短期専用フラットの共有部分を毎日掃除、消毒してくれていたスタッフがいました。館内にはいくつも部屋があるのを、どんどん捌いていきます。

顔立ちがアウンサン・スー・チーさんのようだったのでアジア系かと思いましたがアルジェリア出身、推定50代の女性。5年ほどまえに単身ロンドンにやってきたそうで、なかなか思い切った人生の進路変更です。

語学学校には行っていないとのこと。文法はともかく、英語での通常のコミュニケーションは全く問題ない様子で、誇らしげです。母国で使っていたフランス語も、ゲスト対応でよく使っているようで、言語的なアドバンテージを感じているようでした。

いつも機嫌よく挨拶してくれて、こちらの気分を盛り上げてくれました。

自分の仕事が大好きなようで、セルフチェックイン(パスコードで入館)なのに、必ず新しいゲストが来るとお出迎え。どんな遅くでも対応しています。時間外でも働く、仕事大好き人間。共有部分の消毒は、プロ仕様のかなり強いやつのようで、これじゃないとダメだって言われてるって自慢気だったり。セットし終わった他の部屋を見せてくれたり。人が好きで仕事が好きでという情熱がうらやましいほど。

予約サイトで最初は宿泊したのですが、延泊しようか考えていたときに、特別料金で提供できると持ち掛けられました。その金額は全然安いってわけでもなかったのですが、予約サイトの金額が変動制だったので、お金を振り込みました。

領収書を発行してほしいと言っていたのだけれど、なかなか届かず、彼女から催促してもらったのにだめで。滞在が残り数日となったとき、彼女が私に、直接管理スタッフに電話するよう言ってきました。その番号をメモ代わりに写真に撮ったのだけれど、見切れてしまっていたので、彼女に聞き直さずに前に聞いていた他の番号にメッセージを送ったら、会社の違うスタッフに届いたようでした。
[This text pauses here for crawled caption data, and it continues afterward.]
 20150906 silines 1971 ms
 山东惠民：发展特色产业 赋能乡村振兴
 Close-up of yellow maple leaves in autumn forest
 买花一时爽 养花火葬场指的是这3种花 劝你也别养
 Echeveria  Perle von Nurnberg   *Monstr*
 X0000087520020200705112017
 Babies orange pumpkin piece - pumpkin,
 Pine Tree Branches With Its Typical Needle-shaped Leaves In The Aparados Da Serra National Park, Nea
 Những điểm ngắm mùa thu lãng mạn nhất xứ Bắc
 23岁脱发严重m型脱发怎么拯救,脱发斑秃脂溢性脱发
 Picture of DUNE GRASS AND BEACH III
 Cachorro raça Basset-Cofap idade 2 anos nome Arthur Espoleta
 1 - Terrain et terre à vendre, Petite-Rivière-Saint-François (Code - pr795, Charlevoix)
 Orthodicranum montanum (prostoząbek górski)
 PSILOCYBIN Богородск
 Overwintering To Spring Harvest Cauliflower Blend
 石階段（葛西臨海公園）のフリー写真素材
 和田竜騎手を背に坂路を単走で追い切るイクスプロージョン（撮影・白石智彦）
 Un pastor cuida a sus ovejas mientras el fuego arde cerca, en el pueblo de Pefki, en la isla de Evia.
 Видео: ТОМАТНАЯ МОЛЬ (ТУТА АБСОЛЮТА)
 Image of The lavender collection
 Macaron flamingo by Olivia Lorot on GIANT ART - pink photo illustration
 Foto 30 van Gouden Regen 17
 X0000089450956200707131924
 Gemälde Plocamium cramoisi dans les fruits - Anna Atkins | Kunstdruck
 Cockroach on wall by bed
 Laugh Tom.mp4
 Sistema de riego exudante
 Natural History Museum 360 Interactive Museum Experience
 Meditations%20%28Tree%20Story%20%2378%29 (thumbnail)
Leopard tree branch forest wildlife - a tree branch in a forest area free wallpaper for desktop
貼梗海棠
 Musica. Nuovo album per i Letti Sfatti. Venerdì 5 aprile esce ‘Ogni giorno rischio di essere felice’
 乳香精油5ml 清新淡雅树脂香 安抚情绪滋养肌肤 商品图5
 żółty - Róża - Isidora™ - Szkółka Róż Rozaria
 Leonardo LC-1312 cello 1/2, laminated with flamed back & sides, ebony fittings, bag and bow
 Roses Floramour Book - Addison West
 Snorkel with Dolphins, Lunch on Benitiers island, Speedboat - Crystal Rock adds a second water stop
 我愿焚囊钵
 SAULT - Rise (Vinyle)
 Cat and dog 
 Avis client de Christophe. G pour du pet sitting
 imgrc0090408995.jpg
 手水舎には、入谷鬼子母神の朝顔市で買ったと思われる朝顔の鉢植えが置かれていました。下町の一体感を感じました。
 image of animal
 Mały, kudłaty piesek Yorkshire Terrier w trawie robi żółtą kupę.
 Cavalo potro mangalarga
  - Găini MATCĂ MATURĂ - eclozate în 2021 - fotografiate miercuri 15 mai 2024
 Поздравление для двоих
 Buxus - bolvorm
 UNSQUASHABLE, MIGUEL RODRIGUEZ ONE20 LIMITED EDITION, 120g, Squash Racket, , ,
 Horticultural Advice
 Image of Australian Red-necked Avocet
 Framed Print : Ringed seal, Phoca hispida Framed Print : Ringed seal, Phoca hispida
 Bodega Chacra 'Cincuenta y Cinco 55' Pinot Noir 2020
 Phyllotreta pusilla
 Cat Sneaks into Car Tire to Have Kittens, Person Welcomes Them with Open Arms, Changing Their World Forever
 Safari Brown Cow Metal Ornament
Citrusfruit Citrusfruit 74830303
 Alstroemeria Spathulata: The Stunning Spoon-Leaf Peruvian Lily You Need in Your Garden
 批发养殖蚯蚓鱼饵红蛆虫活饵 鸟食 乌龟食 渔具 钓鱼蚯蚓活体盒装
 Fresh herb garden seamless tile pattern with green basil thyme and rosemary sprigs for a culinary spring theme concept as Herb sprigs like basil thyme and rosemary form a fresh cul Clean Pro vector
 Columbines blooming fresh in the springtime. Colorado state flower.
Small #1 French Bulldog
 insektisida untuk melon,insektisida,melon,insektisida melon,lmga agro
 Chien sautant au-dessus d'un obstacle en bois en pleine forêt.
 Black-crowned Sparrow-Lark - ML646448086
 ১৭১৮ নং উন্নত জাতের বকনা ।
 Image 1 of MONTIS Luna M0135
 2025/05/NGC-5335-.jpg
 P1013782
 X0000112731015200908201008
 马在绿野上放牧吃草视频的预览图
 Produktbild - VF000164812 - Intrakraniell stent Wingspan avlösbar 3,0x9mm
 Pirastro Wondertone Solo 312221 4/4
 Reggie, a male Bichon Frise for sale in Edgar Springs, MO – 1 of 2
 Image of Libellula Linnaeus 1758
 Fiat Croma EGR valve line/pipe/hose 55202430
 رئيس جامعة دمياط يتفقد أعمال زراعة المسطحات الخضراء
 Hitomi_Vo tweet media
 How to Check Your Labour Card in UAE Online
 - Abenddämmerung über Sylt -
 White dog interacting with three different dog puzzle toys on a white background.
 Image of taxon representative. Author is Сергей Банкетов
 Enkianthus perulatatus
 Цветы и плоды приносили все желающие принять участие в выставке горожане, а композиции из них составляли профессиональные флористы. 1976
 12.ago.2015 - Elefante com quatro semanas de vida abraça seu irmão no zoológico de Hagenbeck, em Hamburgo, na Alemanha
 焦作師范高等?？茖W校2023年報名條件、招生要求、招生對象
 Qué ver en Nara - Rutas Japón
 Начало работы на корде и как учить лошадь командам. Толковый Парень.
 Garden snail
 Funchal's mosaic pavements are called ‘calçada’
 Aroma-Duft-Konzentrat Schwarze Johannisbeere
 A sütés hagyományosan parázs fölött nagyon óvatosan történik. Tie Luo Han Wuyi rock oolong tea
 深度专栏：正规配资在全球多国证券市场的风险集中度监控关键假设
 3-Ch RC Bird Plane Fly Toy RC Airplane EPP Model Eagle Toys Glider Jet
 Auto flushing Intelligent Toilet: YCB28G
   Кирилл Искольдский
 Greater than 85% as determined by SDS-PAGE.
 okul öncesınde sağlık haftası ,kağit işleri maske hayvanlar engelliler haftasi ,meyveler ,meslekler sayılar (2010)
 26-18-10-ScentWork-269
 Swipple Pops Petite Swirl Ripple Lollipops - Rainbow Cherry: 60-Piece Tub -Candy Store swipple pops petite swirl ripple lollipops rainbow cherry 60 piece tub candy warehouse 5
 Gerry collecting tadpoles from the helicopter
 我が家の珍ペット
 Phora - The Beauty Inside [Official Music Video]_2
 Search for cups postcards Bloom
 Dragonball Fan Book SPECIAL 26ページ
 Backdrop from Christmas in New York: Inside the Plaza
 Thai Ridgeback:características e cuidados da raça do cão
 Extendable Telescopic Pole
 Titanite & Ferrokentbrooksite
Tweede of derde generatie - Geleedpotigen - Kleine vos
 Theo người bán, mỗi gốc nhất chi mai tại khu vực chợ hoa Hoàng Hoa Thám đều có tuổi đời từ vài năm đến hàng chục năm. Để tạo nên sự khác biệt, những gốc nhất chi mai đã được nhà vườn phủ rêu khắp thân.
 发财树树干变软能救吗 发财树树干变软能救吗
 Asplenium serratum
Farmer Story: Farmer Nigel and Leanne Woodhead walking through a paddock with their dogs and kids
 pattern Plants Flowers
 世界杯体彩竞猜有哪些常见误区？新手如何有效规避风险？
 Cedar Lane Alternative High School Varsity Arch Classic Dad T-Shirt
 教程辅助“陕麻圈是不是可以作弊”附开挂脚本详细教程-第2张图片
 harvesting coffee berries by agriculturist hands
そして翌日そのことを彼女に伝えたら、怒り始めました。

「ちゃんと番号伝えたのに」「なんでなの?」「どうして私に聞き返さなかったのか!」

人が変わったよう。

その怒り具合からすると、管理スタッフと彼女がグルになって会社を通さずに部屋を貸して儲けたようでした。

そしてその後は、他のゲストの騒音とか、今まで親身になって聞いてくれていたのに、他のゲストの側に立つようになりました。

ギクシャクした数日を送っていましたが、最後チョコレートを彼女に贈りました。どうもチョコレートは苦手だったような反応でしたが(なんだかそんな予感もあったのに選んでしまった)、機嫌よく送り出してくれました。